What does it mean exactly when someone says you don’t pee on another man’s shrubbery ?
Well for the man who is convinced someone followed him from a bar into his hotel room and took his wallet, his cash and ..wait for it …his virtue while he slept and believed it enough to tell the tale to police with a straight face it probably means a lot.
This phrase is one I heard while walking my dog in a Sin City suburb has apparently been echoing around the City of Sin like a Renegade Time share salesman. It is the central question of this weeks missive and a phrase with double meanings on many levels.
What does it mean when you say don’t piss on another man’s shrubbery???
Of course I also heard some anonymous tourists from anonymous Nebraska tell his eager “wingman” about the dangers of pissing on another man’s shrubbery. Wingman as we all know is the nerdier of a pair of guys looking for love, the one who is dedicated to getting his friend some female company for the evening.
This drunken wingman, perhaps acting as the wingman because he was not the brightest bulb in the box seemed to take his friends advice when he stopped in front of a patch of artificial greenery and began to unzip his pants but thought better of it.
It could be he was taking his friends advice or it could be some coherent thought fought through the haze of free beer and two for one shots of Canadian Mist and made him realize he wasn’t in Nebraska in the middle of the night_ he was surrounded by kids and was in a major city and it was the middle of the afternoon. It also could be that the cop peddling by on his bicycle would have arrested his drunken Goober, tractor logo wearing country ass _ but hey what do I know..
Don’t pee on another mans shrubbery could be a warning against peeing on another person’s decorative plants. It could..

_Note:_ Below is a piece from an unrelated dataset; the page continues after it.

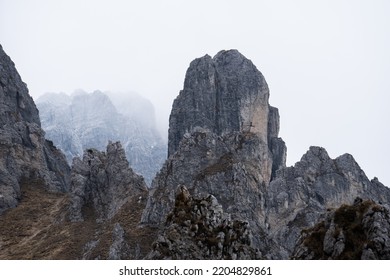 The Sharp Rock Formation In The Mountain Near The Area Of Lake Como, Northern Italy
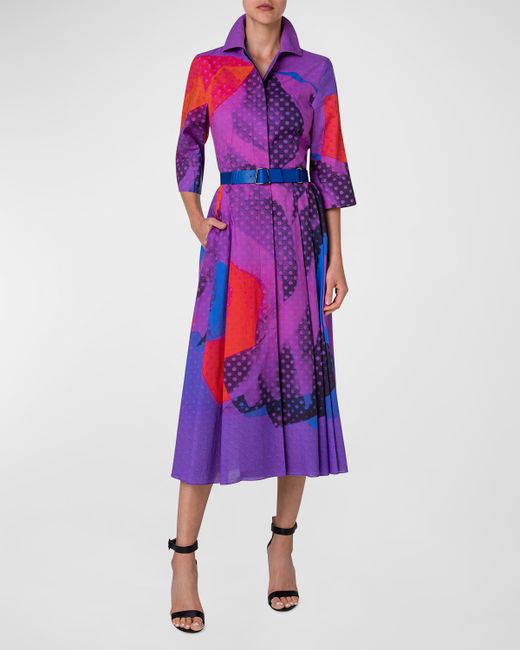 Akris Superimposition Print Voile Belted Shirtdress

Apparently this is an old heartland manly truism that has taken hold in the city of sin and soon there will be T-shirts all over Las Vegas Boulevard proudly proclaiming that bit of sage advice..
It advice that one aspiring ladies man could have taken to heart when approaching a two women holding hands in the City of Sin a few weeks ago. The player said something to one of the two women he spotted and the other promptly smacked him across the face like he was a tantrum throwing two year old and she was his angry abusive mother. The slapper grabbed her girlfriend by the arm and strolled off down the Sin City byway..
That life in the City of Sin
“Don’t pee on another man’s or woman’s shrubbery,”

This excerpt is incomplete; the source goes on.